In the past companies used to ask for deposits when they have to lay out their own capital to either buy the product and / or manufacture the product, which is totally understandable , but unfortunately a lot of people will not give a deposit if there is no manufacturing to be done i.e. in this case it is only time. It is a difficult thing because deposits are also a signal of a new company starting out who does not have the cash flow to operate and then operates on clients deposits to do the work.

----------


## Justloadit

> It is a difficult thing because deposits are also a signal of a new company starting out who does not have the cash flow to operate and then operates on clients deposits to do the work.


Not necessarily.
Many a client in the past sent an order, and then ducked and dived when it was complete. It could not be sold to anyone else, as it was tailor made, or had the customer's branding.

Now a days I do not really care who the client is, I want a deposit to show commitment. on rare occasions I may not request a deposit, if the order is small, and the organization who has placed their order, has a order placing process, in which a number of departments must authorise the order. Even so, if the risk is high and the goods manufactured are branded, then I will insist on the deposit.

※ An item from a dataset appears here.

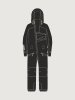 Комбинезон 8з2926 черный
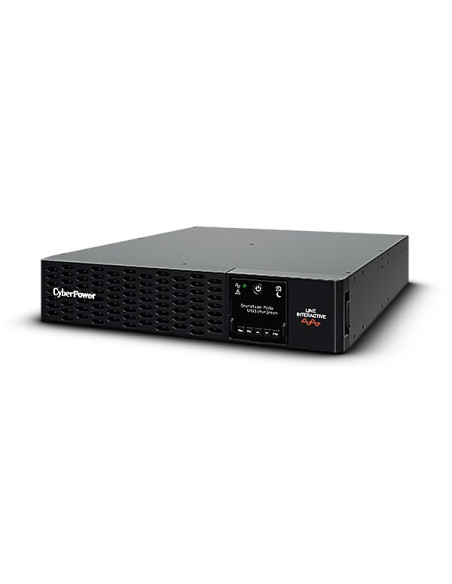 Zasilacz Awaryjny Ups Cyberpower Pr1500Ertxl2U (Rm/Twr  1500Va)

After all an order is a piece of paper, and yes it is a legal document, but at what cost to litigate?
It is cheaper to prevent the problem, than trying to cure it   :Smile:

----------


## Greig Whitton

> I am always worried that once I have completed the site or get halfway they turn around and say they dont want to use me anymore for whatever reason ( even after having been in agreement with the work up to that point ) and then demand the deposit back . Can they do that , If I have put so many hours into developing the website to that point , Do i then just have to hand over the deposit and lose the time I have put in . *What does the consumer protection act have to say about this sort of situation ?*


There's some good (and not so good) advice in this thread, but here is the answer to OP's primary question:

Section 5(2)(b) of the CPA clearly states that the Act does not apply to transactions "in terms of which the consumer is a juristic person whose asset value or annual turnover, at the time of the transaction, equals or exceeds the threshold value determined by the Minister in terms of Section 6". The threshold value referred to here is R2 million (as published by the Department of Trade and Industry via Government Gazette No 34181).

So if your clients are juristic persons (e.g. companies, close corporations) with an annual turnover (or asset value) exceeding R2 million, then they can't use the CPA to insist on a refund (which is not to say that they can't still demand a refund or even take legal action to secure one, just that they can't use the CPA to do so).

If your clients aren't juristic persons (e.g. if you service the general public), or if they are but they fall below the threshold, then they can use the CPA to insist on a refund. This would fall under Section 54 (a consumer's right to quality service). In terms of this section, consumers may demand a refund if they believe that their supplier has failed to meet quality standards. However:

(1) If you and your clients can't agree on whether your service is to standard or not, then it is up to them to approach the National Consumer Commission (or other relevant juristic entity). In other words, just because they claim poor service and demand a refund doesn't mean that you are legally obliged to give it to them. Of course, you would have to weigh up the potential non-legal implications (e.g. an irate customer badmouthing you on social media). But from a strictly legal perspective, you're within your rights to refuse a refund. That said, the onus will be on you to prove that your service was of sufficient quality if your customer actually does pursue legal action.

(2) Even if you do agree to a refund, Section 54(2)(b) clearly states that it must be "*a reasonable portion* of the price paid for the services performed and goods supplied, having regard to the extent of the failure." So you're not obligated to refund in full. Again, your customer might insist on a full refund, but you're not legally obliged to give it (although, again, the onus will be on you to prove that a partial refund was reasonable if it comes down to that).

----------

BusFact (22-Mar-16)

----------


## HR Solutions

Mmmm that's all very well if the system worked and didn't take so long ! At the end of the day it's going to be you and the customer to decide if you are going to take a deposit or not and for what it will be for.


To run a business in this country at the moment with all the legislation and red tape and procedures is a nightmare.

----------


## BusFact

I have to agree with you in that regard HR. Not so much on the CPA which I think has its merits, but bureaucracy in general is a pet dislike of mine. Running a business should me more about making a good product or service, and not so much about being a parent to employees, deciphering legislation requirements and dealing with bureaucratic inefficiency.

----------